§ **Action item**
In the entries that follow, find the line containing "Venus necklace"; from there, copy every line exactly through the line containing "Uomo amichevole che".

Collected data
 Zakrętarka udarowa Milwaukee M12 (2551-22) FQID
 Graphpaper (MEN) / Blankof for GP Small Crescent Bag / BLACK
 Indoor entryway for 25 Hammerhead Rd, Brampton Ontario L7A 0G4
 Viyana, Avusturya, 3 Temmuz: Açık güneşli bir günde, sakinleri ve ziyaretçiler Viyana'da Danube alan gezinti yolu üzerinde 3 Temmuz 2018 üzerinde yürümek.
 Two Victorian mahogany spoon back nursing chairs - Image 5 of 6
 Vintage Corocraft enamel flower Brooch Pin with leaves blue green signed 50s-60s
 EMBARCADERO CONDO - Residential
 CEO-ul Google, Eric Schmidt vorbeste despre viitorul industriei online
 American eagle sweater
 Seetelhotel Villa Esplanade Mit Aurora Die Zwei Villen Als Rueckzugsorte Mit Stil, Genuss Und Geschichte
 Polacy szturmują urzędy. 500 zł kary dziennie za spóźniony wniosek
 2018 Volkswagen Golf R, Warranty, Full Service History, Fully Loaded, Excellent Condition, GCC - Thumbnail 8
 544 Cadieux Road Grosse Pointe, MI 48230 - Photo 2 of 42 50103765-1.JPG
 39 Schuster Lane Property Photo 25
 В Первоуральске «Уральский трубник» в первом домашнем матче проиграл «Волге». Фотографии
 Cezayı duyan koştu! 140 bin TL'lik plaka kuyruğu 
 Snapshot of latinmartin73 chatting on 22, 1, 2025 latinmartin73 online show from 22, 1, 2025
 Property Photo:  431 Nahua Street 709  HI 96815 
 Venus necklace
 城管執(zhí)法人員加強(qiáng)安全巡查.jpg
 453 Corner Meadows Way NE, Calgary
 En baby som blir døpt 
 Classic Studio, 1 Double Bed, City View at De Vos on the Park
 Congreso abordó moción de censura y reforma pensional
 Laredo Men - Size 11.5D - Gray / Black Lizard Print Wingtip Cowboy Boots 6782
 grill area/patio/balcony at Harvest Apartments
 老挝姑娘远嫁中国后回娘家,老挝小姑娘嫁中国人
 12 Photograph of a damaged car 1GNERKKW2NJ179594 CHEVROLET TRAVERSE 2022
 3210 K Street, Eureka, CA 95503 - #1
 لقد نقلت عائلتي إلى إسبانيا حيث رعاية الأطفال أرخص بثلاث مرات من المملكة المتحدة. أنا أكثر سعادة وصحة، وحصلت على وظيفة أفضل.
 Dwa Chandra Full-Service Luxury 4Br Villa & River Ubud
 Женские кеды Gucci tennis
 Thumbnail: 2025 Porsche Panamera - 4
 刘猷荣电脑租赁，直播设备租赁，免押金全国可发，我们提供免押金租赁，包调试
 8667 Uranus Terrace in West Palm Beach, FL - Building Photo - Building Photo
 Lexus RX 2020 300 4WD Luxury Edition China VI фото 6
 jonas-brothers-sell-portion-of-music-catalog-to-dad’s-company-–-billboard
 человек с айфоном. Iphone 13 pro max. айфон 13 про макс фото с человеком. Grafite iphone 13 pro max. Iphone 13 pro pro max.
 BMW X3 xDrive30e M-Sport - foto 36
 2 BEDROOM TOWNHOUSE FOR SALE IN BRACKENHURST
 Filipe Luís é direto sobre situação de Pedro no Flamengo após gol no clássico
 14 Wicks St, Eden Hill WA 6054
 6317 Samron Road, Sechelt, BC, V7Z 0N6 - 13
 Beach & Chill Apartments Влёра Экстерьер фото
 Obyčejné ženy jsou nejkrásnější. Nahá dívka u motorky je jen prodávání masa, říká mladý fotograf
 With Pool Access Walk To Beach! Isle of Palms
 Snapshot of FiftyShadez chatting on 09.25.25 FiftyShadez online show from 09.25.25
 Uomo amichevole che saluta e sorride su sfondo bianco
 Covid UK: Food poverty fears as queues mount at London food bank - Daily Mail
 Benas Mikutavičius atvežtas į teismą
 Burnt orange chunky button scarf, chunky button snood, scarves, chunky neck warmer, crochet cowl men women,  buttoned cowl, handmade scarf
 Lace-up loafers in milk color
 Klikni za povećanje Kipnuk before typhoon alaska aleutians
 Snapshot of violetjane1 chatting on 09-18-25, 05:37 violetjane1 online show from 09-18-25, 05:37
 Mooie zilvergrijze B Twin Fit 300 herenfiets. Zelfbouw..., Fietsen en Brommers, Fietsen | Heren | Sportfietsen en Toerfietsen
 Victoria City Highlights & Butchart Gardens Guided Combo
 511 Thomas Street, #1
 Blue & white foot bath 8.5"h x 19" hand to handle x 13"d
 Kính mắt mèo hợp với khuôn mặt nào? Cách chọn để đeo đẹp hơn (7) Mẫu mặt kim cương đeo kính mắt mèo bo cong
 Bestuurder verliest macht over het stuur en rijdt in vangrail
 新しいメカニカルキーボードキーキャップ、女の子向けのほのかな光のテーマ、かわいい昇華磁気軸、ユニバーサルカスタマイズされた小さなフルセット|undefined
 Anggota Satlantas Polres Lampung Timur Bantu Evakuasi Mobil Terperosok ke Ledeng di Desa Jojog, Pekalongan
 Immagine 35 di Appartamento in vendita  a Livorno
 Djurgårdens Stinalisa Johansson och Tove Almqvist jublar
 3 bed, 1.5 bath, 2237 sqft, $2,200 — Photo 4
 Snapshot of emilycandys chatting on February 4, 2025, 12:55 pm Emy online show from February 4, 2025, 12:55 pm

§ **Task solution**
 Venus necklace
 城管執(zhí)法人員加強(qiáng)安全巡查.jpg
 453 Corner Meadows Way NE, Calgary
 En baby som blir døpt 
 Classic Studio, 1 Double Bed, City View at De Vos on the Park
 Congreso abordó moción de censura y reforma pensional
 Laredo Men - Size 11.5D - Gray / Black Lizard Print Wingtip Cowboy Boots 6782
 grill area/patio/balcony at Harvest Apartments
 老挝姑娘远嫁中国后回娘家,老挝小姑娘嫁中国人
 12 Photograph of a damaged car 1GNERKKW2NJ179594 CHEVROLET TRAVERSE 2022
 3210 K Street, Eureka, CA 95503 - #1
 لقد نقلت عائلتي إلى إسبانيا حيث رعاية الأطفال أرخص بثلاث مرات من المملكة المتحدة. أنا أكثر سعادة وصحة، وحصلت على وظيفة أفضل.
 Dwa Chandra Full-Service Luxury 4Br Villa & River Ubud
 Женские кеды Gucci tennis
 Thumbnail: 2025 Porsche Panamera - 4
 刘猷荣电脑租赁，直播设备租赁，免押金全国可发，我们提供免押金租赁，包调试
 8667 Uranus Terrace in West Palm Beach, FL - Building Photo - Building Photo
 Lexus RX 2020 300 4WD Luxury Edition China VI фото 6
 jonas-brothers-sell-portion-of-music-catalog-to-dad’s-company-–-billboard
 человек с айфоном. Iphone 13 pro max. айфон 13 про макс фото с человеком. Grafite iphone 13 pro max. Iphone 13 pro pro max.
 BMW X3 xDrive30e M-Sport - foto 36
 2 BEDROOM TOWNHOUSE FOR SALE IN BRACKENHURST
 Filipe Luís é direto sobre situação de Pedro no Flamengo após gol no clássico
 14 Wicks St, Eden Hill WA 6054
 6317 Samron Road, Sechelt, BC, V7Z 0N6 - 13
 Beach & Chill Apartments Влёра Экстерьер фото
 Obyčejné ženy jsou nejkrásnější. Nahá dívka u motorky je jen prodávání masa, říká mladý fotograf
 With Pool Access Walk To Beach! Isle of Palms
 Snapshot of FiftyShadez chatting on 09.25.25 FiftyShadez online show from 09.25.25
 Uomo amichevole che saluta e sorride su sfondo bianco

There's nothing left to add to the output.